The task
Word for word, restate all of the entries.
---------------
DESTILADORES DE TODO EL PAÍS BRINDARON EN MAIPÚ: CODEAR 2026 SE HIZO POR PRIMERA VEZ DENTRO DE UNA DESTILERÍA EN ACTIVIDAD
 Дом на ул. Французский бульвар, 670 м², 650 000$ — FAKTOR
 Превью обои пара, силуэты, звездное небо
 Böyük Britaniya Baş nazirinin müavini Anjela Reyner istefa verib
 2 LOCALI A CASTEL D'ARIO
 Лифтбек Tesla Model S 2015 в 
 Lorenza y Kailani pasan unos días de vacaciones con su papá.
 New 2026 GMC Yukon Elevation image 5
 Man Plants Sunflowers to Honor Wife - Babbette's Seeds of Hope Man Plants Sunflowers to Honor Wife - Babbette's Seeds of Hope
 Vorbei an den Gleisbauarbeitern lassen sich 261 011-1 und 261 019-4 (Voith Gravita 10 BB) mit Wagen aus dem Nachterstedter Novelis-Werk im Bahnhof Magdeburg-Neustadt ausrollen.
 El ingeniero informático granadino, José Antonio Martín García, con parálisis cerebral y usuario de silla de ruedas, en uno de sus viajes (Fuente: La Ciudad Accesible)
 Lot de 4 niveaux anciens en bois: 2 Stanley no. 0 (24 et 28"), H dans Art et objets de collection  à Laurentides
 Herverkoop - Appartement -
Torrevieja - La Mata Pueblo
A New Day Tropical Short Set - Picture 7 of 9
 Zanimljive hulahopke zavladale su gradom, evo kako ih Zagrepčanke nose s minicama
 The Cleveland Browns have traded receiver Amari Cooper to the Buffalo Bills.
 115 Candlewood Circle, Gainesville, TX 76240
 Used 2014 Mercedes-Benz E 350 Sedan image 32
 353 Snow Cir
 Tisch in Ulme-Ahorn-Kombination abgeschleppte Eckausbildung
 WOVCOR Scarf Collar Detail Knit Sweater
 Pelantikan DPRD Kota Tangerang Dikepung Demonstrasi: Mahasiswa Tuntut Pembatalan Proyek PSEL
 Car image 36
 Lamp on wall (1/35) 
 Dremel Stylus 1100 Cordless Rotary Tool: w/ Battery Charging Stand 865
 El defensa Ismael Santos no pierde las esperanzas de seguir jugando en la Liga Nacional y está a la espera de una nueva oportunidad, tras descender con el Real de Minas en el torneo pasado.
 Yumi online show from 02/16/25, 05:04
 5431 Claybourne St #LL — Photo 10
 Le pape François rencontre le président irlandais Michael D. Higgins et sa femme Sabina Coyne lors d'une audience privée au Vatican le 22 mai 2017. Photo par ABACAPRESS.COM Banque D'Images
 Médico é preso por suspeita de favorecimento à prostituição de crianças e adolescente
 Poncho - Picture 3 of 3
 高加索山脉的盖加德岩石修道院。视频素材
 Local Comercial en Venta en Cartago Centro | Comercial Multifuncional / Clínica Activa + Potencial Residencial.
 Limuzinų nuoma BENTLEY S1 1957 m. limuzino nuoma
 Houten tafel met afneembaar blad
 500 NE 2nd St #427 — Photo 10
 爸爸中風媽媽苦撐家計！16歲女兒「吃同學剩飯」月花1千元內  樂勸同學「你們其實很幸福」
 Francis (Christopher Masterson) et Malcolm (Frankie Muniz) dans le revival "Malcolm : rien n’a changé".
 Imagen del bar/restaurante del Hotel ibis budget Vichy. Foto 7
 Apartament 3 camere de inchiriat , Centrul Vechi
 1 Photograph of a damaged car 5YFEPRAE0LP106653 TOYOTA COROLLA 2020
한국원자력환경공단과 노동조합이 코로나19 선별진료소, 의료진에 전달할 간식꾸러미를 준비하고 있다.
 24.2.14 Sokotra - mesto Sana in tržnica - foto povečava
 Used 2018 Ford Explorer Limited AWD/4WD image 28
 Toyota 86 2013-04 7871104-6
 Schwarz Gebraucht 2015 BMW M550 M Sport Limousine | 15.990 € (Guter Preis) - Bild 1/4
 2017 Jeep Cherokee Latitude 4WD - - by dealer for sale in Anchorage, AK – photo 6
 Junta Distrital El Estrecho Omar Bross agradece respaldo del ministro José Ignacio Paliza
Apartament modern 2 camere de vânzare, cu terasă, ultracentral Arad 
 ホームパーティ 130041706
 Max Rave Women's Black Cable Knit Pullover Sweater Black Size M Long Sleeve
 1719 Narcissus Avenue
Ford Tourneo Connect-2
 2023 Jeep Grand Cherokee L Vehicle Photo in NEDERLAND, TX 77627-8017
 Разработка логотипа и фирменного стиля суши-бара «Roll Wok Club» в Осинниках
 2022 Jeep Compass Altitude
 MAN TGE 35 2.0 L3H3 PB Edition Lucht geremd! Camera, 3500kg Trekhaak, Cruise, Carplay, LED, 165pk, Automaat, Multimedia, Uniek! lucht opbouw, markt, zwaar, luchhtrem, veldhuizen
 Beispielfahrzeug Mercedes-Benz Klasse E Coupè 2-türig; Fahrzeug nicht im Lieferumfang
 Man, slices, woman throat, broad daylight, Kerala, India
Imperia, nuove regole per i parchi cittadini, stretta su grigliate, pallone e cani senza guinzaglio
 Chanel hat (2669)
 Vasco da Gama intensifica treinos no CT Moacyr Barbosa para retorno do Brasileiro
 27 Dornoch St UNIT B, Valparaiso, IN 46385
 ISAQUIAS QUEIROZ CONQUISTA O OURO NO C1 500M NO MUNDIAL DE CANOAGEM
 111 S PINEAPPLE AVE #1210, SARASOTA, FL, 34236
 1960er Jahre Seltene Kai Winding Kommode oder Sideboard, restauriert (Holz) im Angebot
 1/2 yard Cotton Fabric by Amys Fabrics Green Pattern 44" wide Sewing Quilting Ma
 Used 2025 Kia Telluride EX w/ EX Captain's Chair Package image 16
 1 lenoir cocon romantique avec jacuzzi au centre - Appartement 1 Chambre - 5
---------------
Solution to this task
DESTILADORES DE TODO EL PAÍS BRINDARON EN MAIPÚ: CODEAR 2026 SE HIZO POR PRIMERA VEZ DENTRO DE UNA DESTILERÍA EN ACTIVIDAD
 Дом на ул. Французский бульвар, 670 м², 650 000$ — FAKTOR
 Превью обои пара, силуэты, звездное небо
 Böyük Britaniya Baş nazirinin müavini Anjela Reyner istefa verib
 2 LOCALI A CASTEL D'ARIO
 Лифтбек Tesla Model S 2015 в 
 Lorenza y Kailani pasan unos días de vacaciones con su papá.
 New 2026 GMC Yukon Elevation image 5
 Man Plants Sunflowers to Honor Wife - Babbette's Seeds of Hope Man Plants Sunflowers to Honor Wife - Babbette's Seeds of Hope
 Vorbei an den Gleisbauarbeitern lassen sich 261 011-1 und 261 019-4 (Voith Gravita 10 BB) mit Wagen aus dem Nachterstedter Novelis-Werk im Bahnhof Magdeburg-Neustadt ausrollen.
 El ingeniero informático granadino, José Antonio Martín García, con parálisis cerebral y usuario de silla de ruedas, en uno de sus viajes (Fuente: La Ciudad Accesible)
 Lot de 4 niveaux anciens en bois: 2 Stanley no. 0 (24 et 28"), H dans Art et objets de collection  à Laurentides
 Herverkoop - Appartement -
Torrevieja - La Mata Pueblo
A New Day Tropical Short Set - Picture 7 of 9
 Zanimljive hulahopke zavladale su gradom, evo kako ih Zagrepčanke nose s minicama
 The Cleveland Browns have traded receiver Amari Cooper to the Buffalo Bills.
 115 Candlewood Circle, Gainesville, TX 76240
 Used 2014 Mercedes-Benz E 350 Sedan image 32
 353 Snow Cir
 Tisch in Ulme-Ahorn-Kombination abgeschleppte Eckausbildung
 WOVCOR Scarf Collar Detail Knit Sweater
 Pelantikan DPRD Kota Tangerang Dikepung Demonstrasi: Mahasiswa Tuntut Pembatalan Proyek PSEL
 Car image 36
 Lamp on wall (1/35) 
 Dremel Stylus 1100 Cordless Rotary Tool: w/ Battery Charging Stand 865
 El defensa Ismael Santos no pierde las esperanzas de seguir jugando en la Liga Nacional y está a la espera de una nueva oportunidad, tras descender con el Real de Minas en el torneo pasado.
 Yumi online show from 02/16/25, 05:04
 5431 Claybourne St #LL — Photo 10
 Le pape François rencontre le président irlandais Michael D. Higgins et sa femme Sabina Coyne lors d'une audience privée au Vatican le 22 mai 2017. Photo par ABACAPRESS.COM Banque D'Images
 Médico é preso por suspeita de favorecimento à prostituição de crianças e adolescente
 Poncho - Picture 3 of 3
 高加索山脉的盖加德岩石修道院。视频素材
 Local Comercial en Venta en Cartago Centro | Comercial Multifuncional / Clínica Activa + Potencial Residencial.
 Limuzinų nuoma BENTLEY S1 1957 m. limuzino nuoma
 Houten tafel met afneembaar blad
 500 NE 2nd St #427 — Photo 10
 爸爸中風媽媽苦撐家計！16歲女兒「吃同學剩飯」月花1千元內  樂勸同學「你們其實很幸福」
 Francis (Christopher Masterson) et Malcolm (Frankie Muniz) dans le revival "Malcolm : rien n’a changé".
 Imagen del bar/restaurante del Hotel ibis budget Vichy. Foto 7
 Apartament 3 camere de inchiriat , Centrul Vechi
 1 Photograph of a damaged car 5YFEPRAE0LP106653 TOYOTA COROLLA 2020
한국원자력환경공단과 노동조합이 코로나19 선별진료소, 의료진에 전달할 간식꾸러미를 준비하고 있다.
 24.2.14 Sokotra - mesto Sana in tržnica - foto povečava
 Used 2018 Ford Explorer Limited AWD/4WD image 28
 Toyota 86 2013-04 7871104-6
 Schwarz Gebraucht 2015 BMW M550 M Sport Limousine | 15.990 € (Guter Preis) - Bild 1/4
 2017 Jeep Cherokee Latitude 4WD - - by dealer for sale in Anchorage, AK – photo 6
 Junta Distrital El Estrecho Omar Bross agradece respaldo del ministro José Ignacio Paliza
Apartament modern 2 camere de vânzare, cu terasă, ultracentral Arad 
 ホームパーティ 130041706
 Max Rave Women's Black Cable Knit Pullover Sweater Black Size M Long Sleeve
 1719 Narcissus Avenue
Ford Tourneo Connect-2
 2023 Jeep Grand Cherokee L Vehicle Photo in NEDERLAND, TX 77627-8017
 Разработка логотипа и фирменного стиля суши-бара «Roll Wok Club» в Осинниках
 2022 Jeep Compass Altitude
 MAN TGE 35 2.0 L3H3 PB Edition Lucht geremd! Camera, 3500kg Trekhaak, Cruise, Carplay, LED, 165pk, Automaat, Multimedia, Uniek! lucht opbouw, markt, zwaar, luchhtrem, veldhuizen
 Beispielfahrzeug Mercedes-Benz Klasse E Coupè 2-türig; Fahrzeug nicht im Lieferumfang
 Man, slices, woman throat, broad daylight, Kerala, India
Imperia, nuove regole per i parchi cittadini, stretta su grigliate, pallone e cani senza guinzaglio
 Chanel hat (2669)
 Vasco da Gama intensifica treinos no CT Moacyr Barbosa para retorno do Brasileiro
 27 Dornoch St UNIT B, Valparaiso, IN 46385
 ISAQUIAS QUEIROZ CONQUISTA O OURO NO C1 500M NO MUNDIAL DE CANOAGEM
 111 S PINEAPPLE AVE #1210, SARASOTA, FL, 34236
 1960er Jahre Seltene Kai Winding Kommode oder Sideboard, restauriert (Holz) im Angebot
 1/2 yard Cotton Fabric by Amys Fabrics Green Pattern 44" wide Sewing Quilting Ma
 Used 2025 Kia Telluride EX w/ EX Captain's Chair Package image 16
 1 lenoir cocon romantique avec jacuzzi au centre - Appartement 1 Chambre - 5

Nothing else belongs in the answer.